Drug companies, of course, are not just sitting still. They may raise list prices abroad to push up the MFN benchmark, then quietly hand out secret discounts overseas to keep their foreign buyers happy. They may delay launches in poorer countries so that low prices there do not set a precedent. They may even change drug formulas to make comparisons harder. A 2023 study already showed that MFN-like rules in Europe delayed launches in low-income nations by up to a year, while doing little to reduce prices in wealthy countries. If America forces its own version of MFN, it risks exporting that same delay worldwide.

And tariffs? They will sting, but perhaps less than advertised. Generics, which make up 90% of prescriptions, are exempt. Companies that invest in U.S. plants are spared too, and many have already promised to build them. But factories take years to rise, and costs will climb once they are running. In the end, tariffs may add more smoke than fire.

Meanwhile, drugmakers point the finger at the middlemen. IQVIA data shows that in 2024, American drug sales topped $1 trillion, but manufacturers pocketed only $487 billion after rebates and discounts.

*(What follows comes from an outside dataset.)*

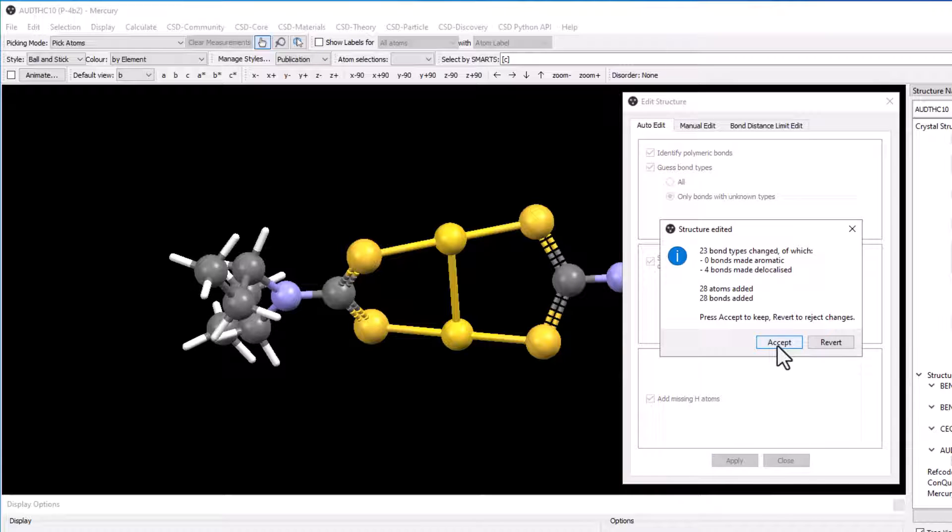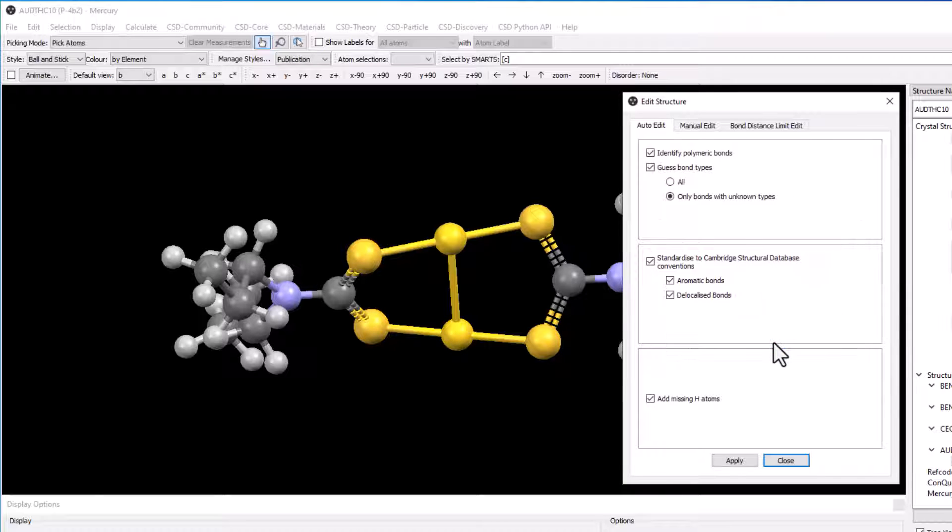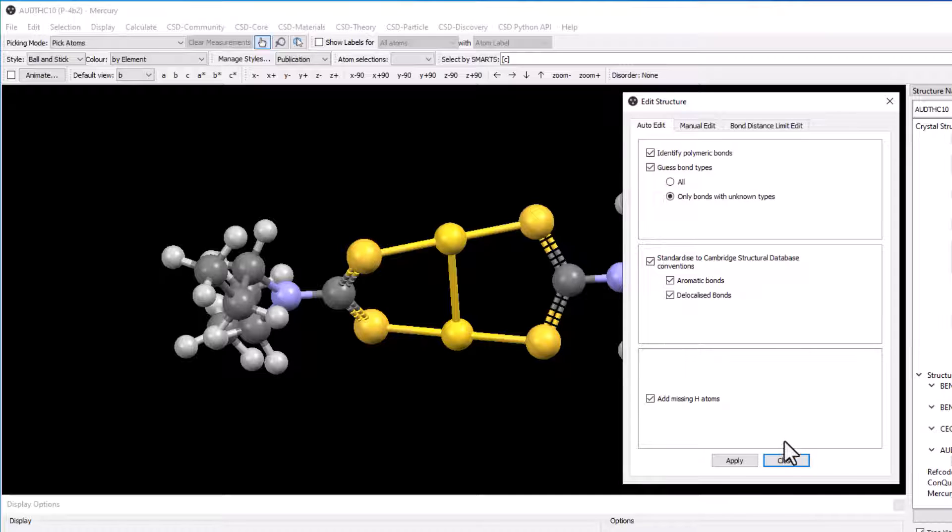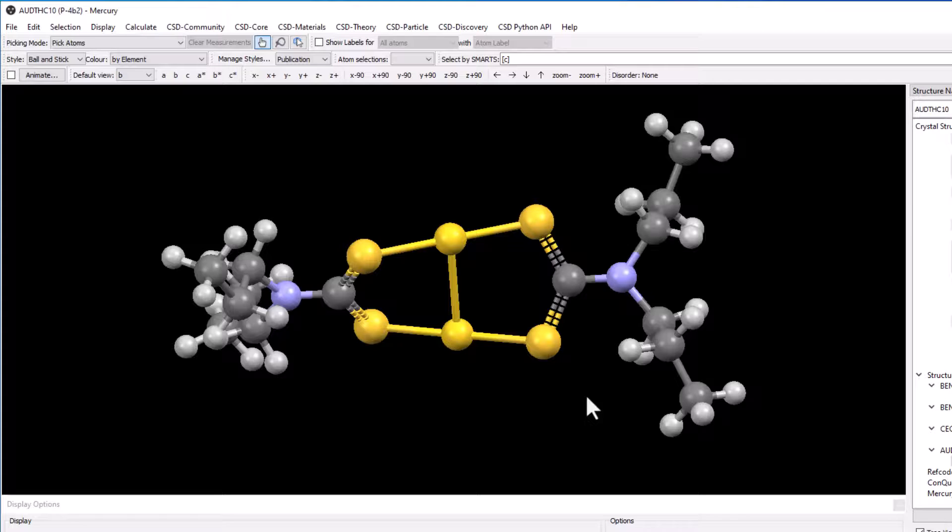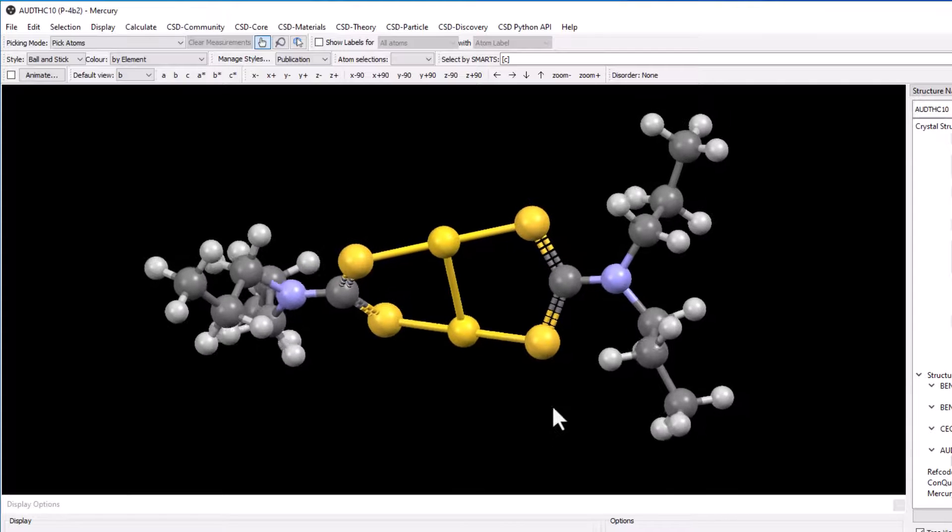A structure edited box will appear, reporting the changes that have been made. Click accept to allow the edits to be made. The hydrogen atoms are now displayed. Close the edit structure window.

More than $500 billion went to intermediaries, especially PBMs. With three firms controlling nearly 80% of prescription claims, they act like toll collectors on the highway to health. They profit from high list prices, encouraging the very inflation the president wants to fight. Regulators are circling PBMs, but so far, drugmakers remain the public villains.

Some companies are experimenting with direct-to-patient sales, offering blockbuster drugs like Eliquis at 40% discounts and obesity treatments at half-price. But such models only work for simple medicines. Complex therapies still depend on the entrenched network of insurers and PBMs.

So here we stand: a nation with sky-high prices, a president wielding tariffs and MFN rules, and an industry warning of fewer cures. I cannot ignore the absurdity. We live in a country where the same pill costs a fortune here and a fraction abroad, and the man promising to fix it may end up breaking the system instead. The road to hell is often paved with good intentions, and Trump’s plan, however bold, may prove that truth once again. If America’s most inventive sector spends the next four years surviving instead of thriving, we may all pay the price—not just at the pharmacy, but with our health.